With the rising cost of college today, the question may come up if it is actually worth the money to get a college degree. Stephen G. Emerson from Forbes magazine recognizes the gigantic costs and believes it is a good investment. Even though there are countless figures showing the payoff, Emerson believes the question should be “How valuable is a college degree?” Not only should college get you a higher paying job after school, it should shape your values and ambitions and provide you will the analytical skills sets needed to achieve these ambitions. If college has done this for you, it is a very worthwhile investment.
Getting into figures, the median high school graduate age 25 and older earns $26,300 while the median college graduate 25 and older earns $42,200. This is an increase of approximately 59%. While many believe it hurts to write the checks or take the loans, the earnings increase will eventually even out and then start to pull quickly ahead. How long does this typically take to happen? It takes approximately 14 years before a 4-year college graduate’s income (net of loan payments) is enough to beat what a high school graduate earns.

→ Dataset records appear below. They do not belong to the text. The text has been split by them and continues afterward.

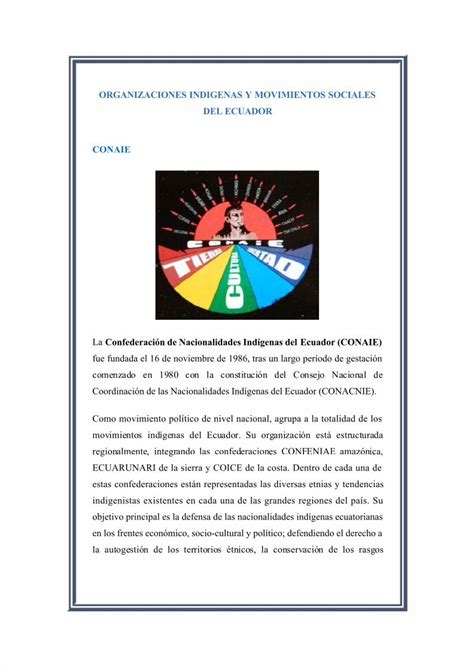 PDF Organizaciones Indigenas Y Movimientos Sociales Del Ecuador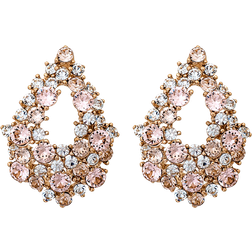 Lily and Rose Alice örhänge Crystal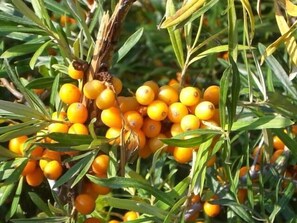 Lägenhet (Fewo am Feldrain auf NW Rügen) | Exteriör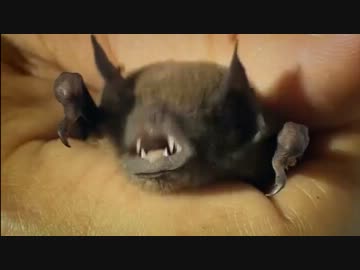 醜い動物達　2/2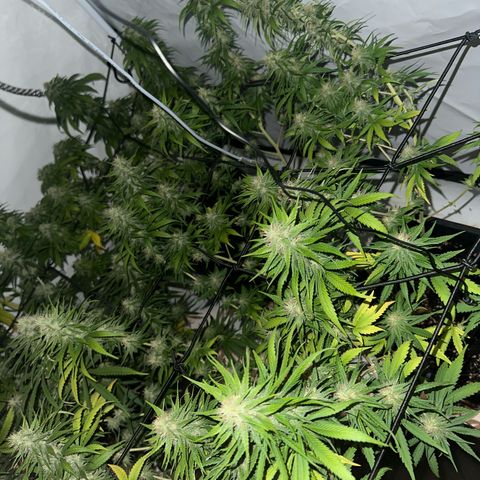 Super Silver Haze growlog timeline photo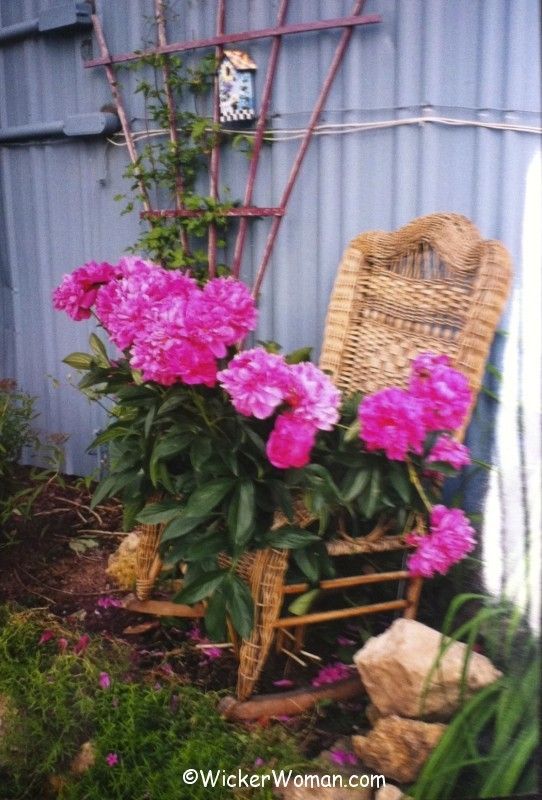 wicker rocker plant support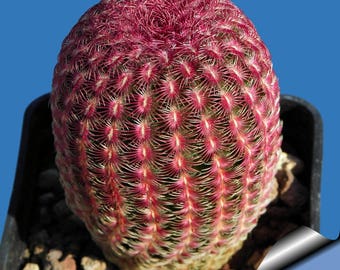 Echinocereus rigidissimus v rubrispinus / 10 seeds (Rainbow Hedgehog Cactus)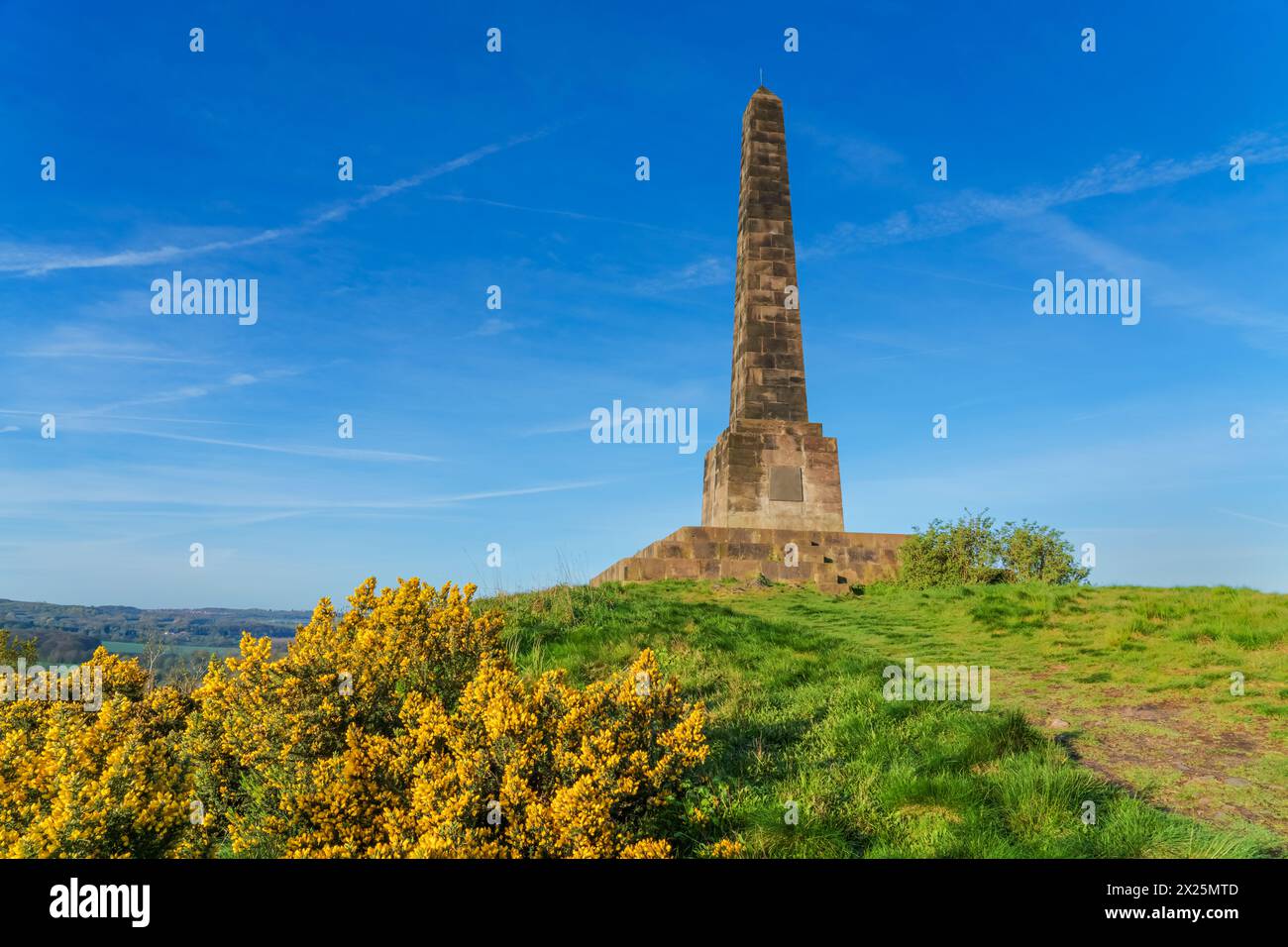 Sutherland Monument à Lilleshall, Shropshire, obélisque commémoratif britannique avec Gorse jaune sauvage au premier plan Banque D'Images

Some people are worried that in today’s economy that are too many overqualified people competing for fewer jobs. Many people after graduating college find this to be the case. Rachele Percell borrowed approximately $85,000 to cover the cost of college at a 4 year institution. For the last three years, she has struggled to find a job with her degree in human development. To pay for her student loans, she took a low-end desk job with an insurance company that she could have worked for straight out of high school. In my opinion, maybe getting a degree in a field with high job security to begin with is more important than pursuing what you love to do.